D. M.: Si c’est nécessaire, oui. Mais je ne vais pas faire du tourisme parlementaire. Et il n’est pas certain que ces deux pays soient concernés. Dans un premier temps, nous allons procéder à un travail d’«intelligence» en collaboration avec les parlementaires des 46 pays membres de l’Assemblée, les ONG et la Commission européenne.

Nous allons récolter un maximum d’indices. Par exemple, nous allons chercher à savoir pourquoi des avions américains ont atterri dans des aéroports où cela n’était pas nécessaire.

swissinfo: Vous êtes membres de l’Assemblée parlementaire du Conseil de l’Europe depuis 1998. Qu’est-ce qui vous a le plus marqué?

D. M.: J’ai eu l’occasion de traiter différents sujets. J’ai été rapporteur sur la création de la Cour pénale internationale, sur la question de la violation des droits de l’homme dans la partie turque de l’île de Chypre, sur l’euthanasie.
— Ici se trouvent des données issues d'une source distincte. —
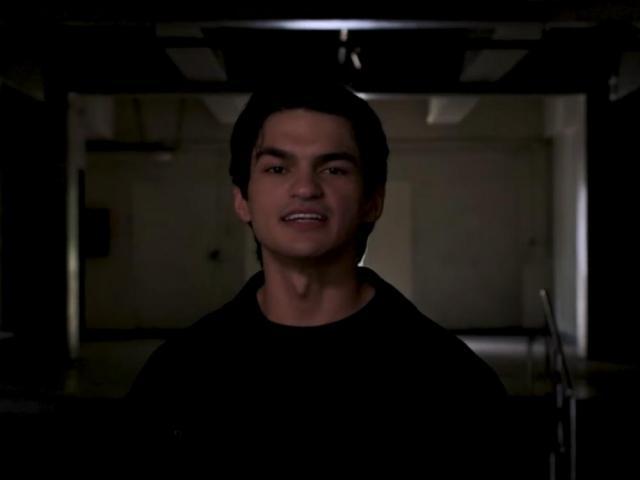 Bruce Roeland in Mga Batang Riles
Je trouve passionnant la confrontation continuelle qui existe entre les parlementaires. Le Conseil de l’Europe est un instrument unique.

swissinfo: Quel est le rôle du Conseil de l’Europe, maintenant que l’Union européenne est élargie?

D. M.: L’UE est avant tout une union économique et politique. Le Conseil de l’Europe a l’avantage d’avoir une tâche plus large. C’est d’ailleurs grâce à l’aide du Conseil de l’Europe, qui les a aidés à devenir des Etats de droit, démocratiques, que les dix nouveaux pays ont pu devenir membres de l’UE. Aujourd’hui, nous aidons d’autres pays, comme la Croatie et la Serbie.

La mission du Conseil de l’Europe consiste à créer un patrimoine de valeurs communes. Le pouvoir judiciaire de la Cour européenne des droits de l’homme est très important. C’est unique au monde: 800 millions de citoyens peuvent s’adresser directement à une institution en cas de problème!

La jurisprudence européenne a profondément marqué l’évolution de la pensée juridique, même en Suisse, où nous avons été obligés d’accepter la procédure pénale.

swissinfo: Quelles sont les faiblesses du Conseil de l’Europe?

D. M.: Une incertitude plane sur son avenir car l’UE veut s’approprier certains domaines, comme la défense des droits de l’homme, car elle projette de créer une Agence européenne des droits de l’homme. Or ce qui est unique au Conseil de l’Europe, que l’on ne retrouve dans aucune autre assemblée, c’est un élément parlementaire aussi important. Malheureusement, les parlementaires ne font pas tous preuve d’assiduité…

swissinfo: La Suisse joue-t-elle un rôle particulier au Conseil de l’Europe?

D. M.: Le président de la Cour européenne des droits de l’homme est un Suisse, Luzius Wildhaber. La délégation parlementaire suisse est très active, sans doute parce que nous ne sommes pas dans l’UE! D’autres parlementaires, comme les Français, pas très présents à Strasbourg, préfèrent sans doute Bruxelles!

swissinfo, Barbara Speziali à Bruxelles

Né en 1945 à Sorengo, au Tessin, Dick Marti est sénateur au parlement fédéral depuis décembre 1995.
Docteur en droit, consultant juridique et économique, il est représentant du Parti radical suisse.
Il est membre des commissions de politique extérieure, de l’économie, des affaires juridiques et de la commission de rédaction du Conseil des Etats.
Membre de l’assemblée parlementaire du Conseil de l’Europe, il a été nommé lundi président de sa Commission des questions juridiques et des droits de l’homme.

– Le Conseil de l’Europe est la plus ancienne (1949) organisation politique du continent. Il a son siège à Strasbourg, en France.

– Il regroupe 46 pays, dont 21 d’Europe centrale et orientale.

– C’est une organisation distincte de l’Union européenne des 25 (UE).

– Aucun pays n’a adhéré à l’UE sans appartenir d’abord au Conseil de l’Europe.

– Il a pour mission de défendre les droits de l’homme et la démocratie parlementaire.